Dress the 28-year-old grad student.
March 1, 2009 7:25 AM   Subscribe

Where should I be shopping for clothes? 28-year-old straight guy. Long, thin torso; long arms; wide shoulders; ~5'11''; ~165 lbs; USA; East coast/access to NY; athletic and muscled but borderline thin; and a graduate student budget.

Clothing has been the bane of my existence for a very long time. I'll spare you the back story. In any case, I spend most of my time slouched in front of a computer, and I can get away with being an unshaven, sweat-shirted mess. That's both because of the culture here and because I'm relatively good looking.

But, for work, campus, and nightlife, I'd like to look a little bit nicer, even a lot nicer (because I think I could pull it off if I tried), but without looking too stiff, and without looking like I'm trying too hard. I feel like it would make me more comfortable and the people around me more comfortable. I think everything hangs funny on me because of my body shape, but that's probably my problem. (Many people have commented that I look like a sculpture when I'm naked, and that it's totally unapparent with my clothing on. See top again for body description.) Also, most of the people around me are a few years younger, and I don't want to dress too old in order to keep up the rapport. (That being said, I try to date people my age or a little older.)

I hate hipsters, cynicism, sarcasm, angst, and drinking the kool-aid. But irony, post-postmodern [sic] and "meta" anything is welcome in small doses. I want to project a friendly, approachable, effortless, laid-back competence, with a bit of an edgy edge, and I really, really don't want to look like I'm trying too hard or trying to be stylish.

I shave once or twice a week, and I'm hoping I can put stuff together that can handle that look. Can any of the above work a little bit rumpled? When I don't shave, I look edgy or gross, depending on unknown factors. When I do shave I look super-clean-cut and even baby-faced, though with a strong jaw.

(I tend to shop at express men's and banana republic, just to give a sense of where I'm going right now. I pretty much own only t-shirts, sweatshirts, and jeans. I'm on a budget, but I'm willing to spend good money on durable clothing that won't go out of style.)

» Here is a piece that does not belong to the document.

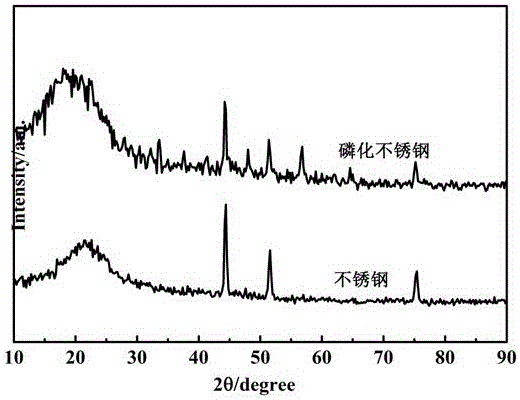 Preparation method for phosphatized stainless steel electrolyzed water catalytic material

What should I wear? Where should I look for ideas? (What are some good first steps because, clearly, I'm trying too hard and I have an unapproachable ideal in my head--and that's why I default to t-shirts and jeans.)
posted by zeek321 to Clothing, Beauty, & Fashion (22 answers total) 43 users marked this as a favorite
 
You can get stylish and cheap at H&M (one on Walnut and one on Chestnut, both just east of Rittenhouse) but don't expect it to last for a long time.

Having been in your position (28 y/o, grad student in Philadelphia, looking to up the style quotient), a few things I've noticed:

1. Shoes matter. You could be wearing jeans and a t-shirt, but some Campers/etc or stylish boots rather than sneakers will drastically alter your appearance.

2. Fit and style matter. Jeans and t-shirts can project "style maven" rather than "broke-ass grad student", if they're the right kind. Think more American Apparel tailored/slim-fit t's rather than Hanes Beefy T's, and slimmer straight-leg or boot-cut dark-wash jeans rather than your typical relaxed-fit lighter jeans. Fitted t-shirts with cool, stylish designs, rather than ironic slogans, help in the same regard too. You're a slim guy; wear things that fit you rather than things are too baggy (also avoid too tight... there's a time and place for that, and that time and place is when a) you're racing a bicycle or b) you're a go-go dancer in a cage).

3. Outerwear and layers matter. The right piece from Banana Republic or Express or even Gap (I just saw the coolest light jacket there, of all places) will change your entire look. Swap sweatshirts for sweaters, or get sweat-shirty pieces that don't look like like your standard hoodie/track jacket/"COLLEGE" wear.
posted by The Michael The at 8:16 AM on March 1, 2009


First, where to shop, in order of importance:
1) H&M for everything (jeans, pants, shirts, sweaters). Please note that all H&Ms are NOT created equal. The bigger the store, the better, but even then they vary. For example, the one on 5th Ave in the 40s (Manhattan) has tons of men's suiting, while the one at Herald Sq has tons of casual stuff.
2) Urban Outfitter (often has good sales) especially for pants and jeans, accessories.
3) Old Navy for casual clothes, but not for pants. Their men's jeans and pants are waaaay to loose. Get jeans at H&M.
4) Gap for basic t-shirts, nice-ish pants to go out in.
5) Zara for some nicer clothes, occasionally pricey and is hit or miss.
6) Express for nicer pants, sometimes shirts or sweaters. (In general, Express can be dangerous for the uninitiated as many of their clothes trend toward club-y. A good rule of thumb is to avoid synthetic fabrics, especially their button up shirts that have stretch to them. They look cheesy.)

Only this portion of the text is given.